I got a lot of writing done. I'm feeling appreciated at work. And -- and this will only make sense to 7 people on my friends-list -- I've learned a trick to dodging lightning. Sadly, this trick requires me to have my eyes open, which is more than I can manage tonight, so I shall have to save it for tomorrow. I can't seem to get past 60 bolts in my sonambulant state.

There shall be no game this weekend because [livejournal.com profile] montrealais will be at an NDP conference helping to hammer out the gay socialist agenda ^_^

If my erstwhile players are interested, I could go for another round of that game we played last time.
felis_ultharus: The Pardoner from the Canterbury Tales (Default)
So I've been at the office all weekend (I'm only halfway through my work-week). Trying to input attendance for a few thousand students on ancient '486 computers is an exercise in patience -- my computer sometimes freezes for ten minutes at a time while it does all the necessary calculations.

Writing on the thing-I-do-not-want-to-call-a-second-novel-at-this-early-stage is going well, but working on a second novel feels vaguely like cheating on a boyfriend.

Meanwhile, I've been reading Shakespeare. And the funny thing is that reading a Shakespeare play for the first time is that you keep stumbling against quotes you've heard dozens of times.

The funniest lines are the ones that sound completely different in context than in quotation. My favourite so far "If music be the food of love, play on." This is one of those sweet-sounding lines, fit for Hallmark cards, that you get in books of famous sayings, and quoted endlessly in old movies and bad newspaper articles.

The original context:

"If music be the food of love, play on,
Give me excess of it, that, surfeiting,
The appetite may sicken and so die."
In modern English: "If music is the food of love, keep playing -- that way, by forcefeeding me, I'll want to throw up and won't be in love anymore."

You won't find that on a greeting card.
felis_ultharus: The Pardoner from the Canterbury Tales (Default)
D&D group stuff for my players, cut for geekery )

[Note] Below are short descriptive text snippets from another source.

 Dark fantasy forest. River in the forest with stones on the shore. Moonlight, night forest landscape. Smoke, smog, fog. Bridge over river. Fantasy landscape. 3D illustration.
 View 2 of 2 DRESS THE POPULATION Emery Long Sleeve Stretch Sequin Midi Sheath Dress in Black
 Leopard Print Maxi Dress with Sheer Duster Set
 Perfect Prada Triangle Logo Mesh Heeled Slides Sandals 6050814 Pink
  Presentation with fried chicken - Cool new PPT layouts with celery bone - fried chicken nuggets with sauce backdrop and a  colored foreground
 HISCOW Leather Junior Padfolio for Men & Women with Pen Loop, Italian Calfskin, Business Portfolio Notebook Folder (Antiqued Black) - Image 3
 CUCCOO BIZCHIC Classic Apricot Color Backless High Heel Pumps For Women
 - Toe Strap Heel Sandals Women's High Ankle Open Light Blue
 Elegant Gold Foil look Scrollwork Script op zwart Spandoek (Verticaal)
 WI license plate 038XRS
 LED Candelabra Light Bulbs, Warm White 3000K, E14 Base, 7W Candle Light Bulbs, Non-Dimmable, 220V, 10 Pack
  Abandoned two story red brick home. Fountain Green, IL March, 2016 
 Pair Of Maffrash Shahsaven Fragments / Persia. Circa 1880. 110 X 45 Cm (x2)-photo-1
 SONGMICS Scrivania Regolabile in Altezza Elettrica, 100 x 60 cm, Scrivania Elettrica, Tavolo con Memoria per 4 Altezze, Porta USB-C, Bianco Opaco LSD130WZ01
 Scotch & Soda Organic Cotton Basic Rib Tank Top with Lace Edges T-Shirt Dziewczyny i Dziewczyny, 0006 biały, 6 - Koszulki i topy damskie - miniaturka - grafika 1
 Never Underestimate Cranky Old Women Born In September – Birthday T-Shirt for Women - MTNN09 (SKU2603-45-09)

for everyone else, I'm not avoiding commenting on people's journals. I'm just behind because of so much else to do. I did get 40 pages of editing done this morning, and have the final version of project due for this evening.
felis_ultharus: The Pardoner from the Canterbury Tales (Default)
Sorry for the long silence. I've been quite busy.

Writing

Overhaul of the novel proceeds apace. I was having a serious Ondaatje problem -- I was writing great scenes, having trouble fitting them together in a coherent story. I think I've found the way to overcome that now. I edited and wrote fifty pages Wednesday, and 20 pages today.

I'd started it as a realistic novel with a touch of dark fantasy. It's now really a fantasy novel set in the present day :/

The only remaining problem is the denouement -- and my problem writing believable action scenes.

School

My first major presentation of the year went off without a hitch, remarkable since I couldn't get any solid information. It was on the School-Book Question of 1866, a major crisis of Canadian history that's been completely forgotten by Canadians. Wikipedia doesn't even have an article on it -- or a mention of the event in the biographies of its major players.

I couldn't even get a hold of the schoolbooks in question.

My next major project is on early-Canadian sonnets. Most of what I'd come across in the databases was really awful, until one of my teachers put me on to a book of truly brilliant sonnet-work. And almost every sonnet in there had been lost to history.

Canada needs a Renaissance. There's a lot of the past mouldering on shelves in used bookstores, on the verge of being forgotten. There's some on the federal government's database, but it's only 1% of what was published in the 19th century. A lot of the best stuff is missing.

Work

work drama )
felis_ultharus: The Pardoner from the Canterbury Tales (Default)
Well, I finally got to my course on early Canadian book culture yesterday, and wow -- it's a strange but fascinating class.

First of all, when I had the I-am-not-a-postmodernist talk with my professor (it's like coming out!), he informed me neither is he -- he finds postmodernism clashes with his Tory beliefs. No, not Stephen-Harper Conservatives -- real, old, the British-monarchy-will-never-die Tory. They really still exist!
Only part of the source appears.